Harry Kemsley: Yeah. Let's move on. I'd like to spend a bit more time on that, but I'm going to move us on to manipulation, because it's a topic that we've spent so much time on. Mis and disinformation, perhaps one of the biggest threats we think to the way we all understand what's going on in the world around us. So if that's happening in the AI world, then that should be a real concern for us. So what did you find in terms of manipulation?
Harry Lawson: Manipulation is one of my favorites results of this. I found some quite interesting stuff. So what we need to consider with any LLM is, it's running off of a search engine function most of the time. Or it's running off, find all these bits of information for me. So it's got free rein on what it's looking for. If it's a commercial off the shelf one, if it's got REG, it's going to be looking at very specific places. But if you know where that LLM is looking, you can start manipulating the sources that it's dragging to the front. If we think about the Google search engine. When you type into Google any piece of information, top four results normally have a little ad sticker next to them, and those are paid promotions. So this is where you've shifted some money to the search engine builder, and they'll say, yeah, we'll put your stuff in at the top. Happens all the time. Happens with LLM as well. You can pay for your stuff to be near the front.
Harry Kemsley: Interesting.
Harry Lawson: And you can say whatever you want, and their source, they might be incorrect, but you put them to the top, and they're going to turn up every time. That goes to the same for sponsored promotions. So the actual LLM builders being, may say, every time someone looks for a map, we drag up Bing Maps. We don't use Google Maps, we look at Bing Maps, and that comes up every time. I know in the analyst world, there's a big discussion of who's better there, so you can decide if that's a good thing, or a bad thing for you. Buzzwords as well. So if you are trying to push your source to the front of any search results, you can just put in buzzwords which people are looking for. So I could write an article on tanks that has nothing to do with Ukraine, but if I put in Ukraine five times, that's probably going to be pushed up the list further, than if I didn't put it in there. It might have nothing to do with the question, but it's there, and the LLM is going to look at it. Another thing which is inaudible, if I'm doing OSINT, things like blind tagging. So on Twitter, or as it's known now X, you might see that you are looking for a particular hashtag. Hashtag explosion or something. You are going to get thousands of results that are using that hashtag, but it's got nothing to do with it. For them it's traffic mining.

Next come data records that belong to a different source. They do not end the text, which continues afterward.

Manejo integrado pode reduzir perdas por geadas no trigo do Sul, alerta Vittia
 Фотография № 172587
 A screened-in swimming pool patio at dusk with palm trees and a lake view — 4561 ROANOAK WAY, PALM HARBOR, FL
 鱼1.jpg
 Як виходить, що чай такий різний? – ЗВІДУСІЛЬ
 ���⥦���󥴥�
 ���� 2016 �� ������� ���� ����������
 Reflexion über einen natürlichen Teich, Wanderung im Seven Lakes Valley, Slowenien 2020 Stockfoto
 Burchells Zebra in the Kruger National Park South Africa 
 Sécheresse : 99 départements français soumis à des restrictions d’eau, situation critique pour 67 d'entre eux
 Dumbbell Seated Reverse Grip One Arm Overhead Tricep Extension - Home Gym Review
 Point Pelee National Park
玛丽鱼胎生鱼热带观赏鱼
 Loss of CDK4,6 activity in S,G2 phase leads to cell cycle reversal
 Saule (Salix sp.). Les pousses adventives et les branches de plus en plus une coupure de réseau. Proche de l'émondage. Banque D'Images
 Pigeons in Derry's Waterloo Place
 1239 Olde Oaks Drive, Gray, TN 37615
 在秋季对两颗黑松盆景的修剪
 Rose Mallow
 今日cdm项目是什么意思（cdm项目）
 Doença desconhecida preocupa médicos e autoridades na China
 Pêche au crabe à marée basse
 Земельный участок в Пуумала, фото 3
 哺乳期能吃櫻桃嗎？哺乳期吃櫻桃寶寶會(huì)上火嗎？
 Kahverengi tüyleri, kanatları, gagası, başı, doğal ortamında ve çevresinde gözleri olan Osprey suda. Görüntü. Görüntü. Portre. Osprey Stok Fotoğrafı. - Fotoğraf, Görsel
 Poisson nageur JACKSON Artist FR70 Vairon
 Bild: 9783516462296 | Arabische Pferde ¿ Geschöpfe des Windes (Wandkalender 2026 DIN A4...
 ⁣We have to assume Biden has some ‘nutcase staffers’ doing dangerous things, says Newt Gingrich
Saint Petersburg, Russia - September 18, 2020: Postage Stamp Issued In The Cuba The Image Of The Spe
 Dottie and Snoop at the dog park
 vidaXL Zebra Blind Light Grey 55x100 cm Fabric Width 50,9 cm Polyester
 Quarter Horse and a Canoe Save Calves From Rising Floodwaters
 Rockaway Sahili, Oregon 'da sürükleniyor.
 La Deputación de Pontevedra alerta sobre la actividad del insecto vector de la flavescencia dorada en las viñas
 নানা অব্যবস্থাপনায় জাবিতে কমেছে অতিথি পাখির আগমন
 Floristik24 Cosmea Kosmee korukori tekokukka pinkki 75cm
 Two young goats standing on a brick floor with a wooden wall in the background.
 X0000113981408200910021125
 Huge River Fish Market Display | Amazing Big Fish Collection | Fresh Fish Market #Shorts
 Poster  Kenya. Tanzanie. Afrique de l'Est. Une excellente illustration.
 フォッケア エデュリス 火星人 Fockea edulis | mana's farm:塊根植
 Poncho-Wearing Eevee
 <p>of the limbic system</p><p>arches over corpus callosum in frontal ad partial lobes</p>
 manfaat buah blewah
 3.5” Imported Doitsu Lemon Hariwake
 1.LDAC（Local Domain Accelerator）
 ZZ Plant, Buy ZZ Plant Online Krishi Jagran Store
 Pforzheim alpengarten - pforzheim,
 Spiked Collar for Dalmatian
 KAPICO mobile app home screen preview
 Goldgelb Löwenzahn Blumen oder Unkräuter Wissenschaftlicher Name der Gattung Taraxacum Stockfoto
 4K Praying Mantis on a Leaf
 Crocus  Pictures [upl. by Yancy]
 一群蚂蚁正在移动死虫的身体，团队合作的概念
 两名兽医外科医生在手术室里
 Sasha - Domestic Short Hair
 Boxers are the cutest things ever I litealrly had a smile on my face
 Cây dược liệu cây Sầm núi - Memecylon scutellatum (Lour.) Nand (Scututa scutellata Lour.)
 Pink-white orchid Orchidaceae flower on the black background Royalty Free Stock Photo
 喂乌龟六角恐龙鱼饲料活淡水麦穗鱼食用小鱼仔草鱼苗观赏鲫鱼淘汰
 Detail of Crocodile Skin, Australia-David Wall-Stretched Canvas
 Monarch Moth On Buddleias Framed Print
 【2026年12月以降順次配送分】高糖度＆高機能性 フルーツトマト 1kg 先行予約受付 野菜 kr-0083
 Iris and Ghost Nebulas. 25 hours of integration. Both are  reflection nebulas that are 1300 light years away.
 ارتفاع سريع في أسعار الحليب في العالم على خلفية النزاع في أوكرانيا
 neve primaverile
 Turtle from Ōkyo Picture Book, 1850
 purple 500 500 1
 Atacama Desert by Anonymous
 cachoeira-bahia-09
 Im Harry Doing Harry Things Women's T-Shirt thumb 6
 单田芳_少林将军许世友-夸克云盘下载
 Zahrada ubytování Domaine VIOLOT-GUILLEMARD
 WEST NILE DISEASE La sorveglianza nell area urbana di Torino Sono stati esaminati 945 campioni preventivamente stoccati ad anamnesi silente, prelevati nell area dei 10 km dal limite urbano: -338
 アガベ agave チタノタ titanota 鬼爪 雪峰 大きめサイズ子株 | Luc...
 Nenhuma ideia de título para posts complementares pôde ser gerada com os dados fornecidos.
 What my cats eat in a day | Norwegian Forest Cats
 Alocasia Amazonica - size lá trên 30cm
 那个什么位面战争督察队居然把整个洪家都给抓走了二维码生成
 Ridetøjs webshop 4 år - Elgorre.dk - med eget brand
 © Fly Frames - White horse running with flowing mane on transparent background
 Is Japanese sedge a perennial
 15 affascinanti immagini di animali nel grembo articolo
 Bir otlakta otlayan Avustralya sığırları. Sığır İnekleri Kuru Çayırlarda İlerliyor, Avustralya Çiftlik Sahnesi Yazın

Harry Kemsley: Traffic bait.
Harry Lawson: Exactly. Traffic baiting people through. Another interesting thing, and this is probably why I had the most fun with this, was looking at the source tampering. So I've mentioned, you could put in your buzzwords. But one thing I found, which it still happens now, the editors are quite quick to pick this up, that this is wiki vandalism. So this is where you go in, if we think about it, 31% of the results were Wikipedia- based. So this is where, as you know, Wikipedia's quite open, you can go in and edit it, and then you have to wait for an admin to approve it, or change it, change it back. But there have been some cases where this has fallen through the cracks. So I think one example I found was talking about the first law of thermodynamics. And in the first sentence it says, first law of thermodynamics is, you don't talk about thermodynamics. And that got through after it was edited, and someone had to go back and edit it again. Another one that I found, which just blew my mind completely was, Spot the Dog. Within the first section of Wikipedia insinuated that Spot the Dog, was written by Ernest Hemingway. And opens with the line, " Where is Spot? He is he under the stairs? Is he in the box? No, he's in the bar, sipping whiskey and sucking on cigarettes." Types of things that it takes time for those admins to go and find and update. But if I was looking for information on thermodynamics or Spot the Dog, would the LLN drag that through, and I'd have to take that as the answer? It's something I have to consider though.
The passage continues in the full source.